[[ Dataset content open ]]

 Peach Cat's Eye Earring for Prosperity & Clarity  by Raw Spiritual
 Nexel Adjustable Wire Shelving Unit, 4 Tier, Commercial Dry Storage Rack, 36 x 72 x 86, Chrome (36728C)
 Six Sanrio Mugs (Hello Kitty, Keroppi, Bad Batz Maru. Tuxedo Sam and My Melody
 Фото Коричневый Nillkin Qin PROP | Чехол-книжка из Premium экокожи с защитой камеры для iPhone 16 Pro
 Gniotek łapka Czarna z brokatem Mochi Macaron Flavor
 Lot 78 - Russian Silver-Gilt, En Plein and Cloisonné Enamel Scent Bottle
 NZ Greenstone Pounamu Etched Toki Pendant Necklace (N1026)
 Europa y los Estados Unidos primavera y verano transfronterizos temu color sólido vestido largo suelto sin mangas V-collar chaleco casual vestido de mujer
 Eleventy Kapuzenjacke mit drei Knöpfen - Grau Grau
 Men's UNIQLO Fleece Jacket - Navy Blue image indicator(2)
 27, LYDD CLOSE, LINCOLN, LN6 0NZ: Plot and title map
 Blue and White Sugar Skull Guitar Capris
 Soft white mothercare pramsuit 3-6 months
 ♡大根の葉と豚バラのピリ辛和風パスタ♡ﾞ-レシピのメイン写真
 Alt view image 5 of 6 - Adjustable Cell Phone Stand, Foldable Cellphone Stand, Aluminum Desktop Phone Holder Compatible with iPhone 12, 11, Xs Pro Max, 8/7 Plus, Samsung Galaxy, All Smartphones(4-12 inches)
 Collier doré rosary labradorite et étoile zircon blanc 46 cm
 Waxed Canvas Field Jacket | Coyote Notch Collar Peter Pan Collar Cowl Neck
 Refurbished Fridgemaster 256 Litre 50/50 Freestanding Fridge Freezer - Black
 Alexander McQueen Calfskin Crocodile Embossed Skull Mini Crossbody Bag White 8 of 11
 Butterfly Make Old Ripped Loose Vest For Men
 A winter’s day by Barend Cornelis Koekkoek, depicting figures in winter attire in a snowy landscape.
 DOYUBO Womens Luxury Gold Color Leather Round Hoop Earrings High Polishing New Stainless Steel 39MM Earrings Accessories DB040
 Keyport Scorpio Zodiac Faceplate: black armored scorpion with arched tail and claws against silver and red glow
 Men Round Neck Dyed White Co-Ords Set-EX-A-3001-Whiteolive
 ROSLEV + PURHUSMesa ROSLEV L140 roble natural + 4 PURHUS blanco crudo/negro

[[ Dataset content closed ]]

Output, from the data above, the lines from the line with "A winter’s day" to the line with "Keyport Scorpio Zodiac" exactly as they stand, both ends included and nothing else.

Exercise response:
 A winter’s day by Barend Cornelis Koekkoek, depicting figures in winter attire in a snowy landscape.
 DOYUBO Womens Luxury Gold Color Leather Round Hoop Earrings High Polishing New Stainless Steel 39MM Earrings Accessories DB040
 Keyport Scorpio Zodiac Faceplate: black armored scorpion with arched tail and claws against silver and red glow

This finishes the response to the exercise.